(Material provided)

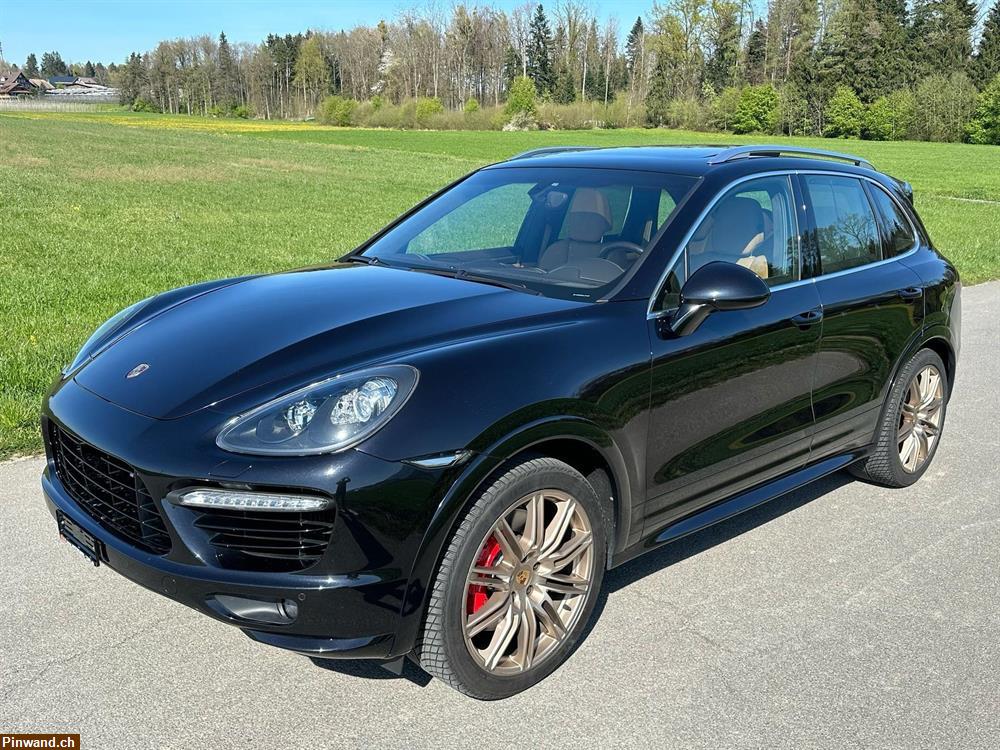 Bild 2: PORSCHE Cayenne Turbo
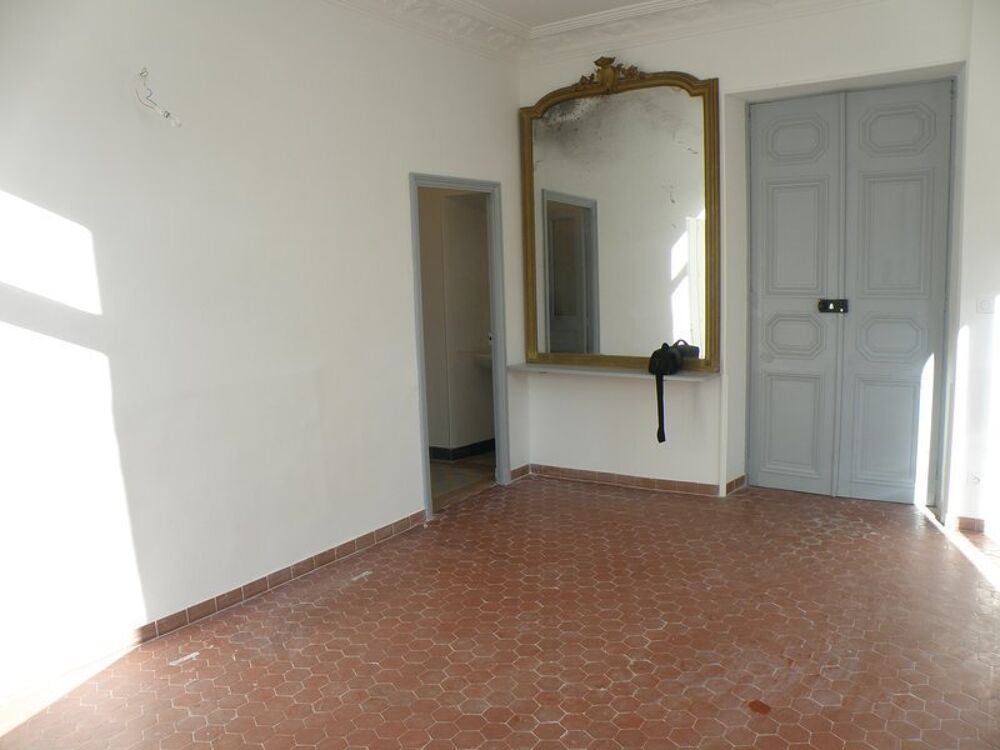 location Appartement - 1 pièce(s) - 29 m² Lauris (84360)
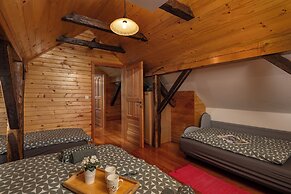 Authentic Wooden House Sleme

(End Material provided)

Only the text of the listing above should be copied, exactly and with pictures left out.

▶ _Solution to this problem_
 Bild 2: PORSCHE Cayenne Turbo
 location Appartement - 1 pièce(s) - 29 m² Lauris (84360)
 Authentic Wooden House Sleme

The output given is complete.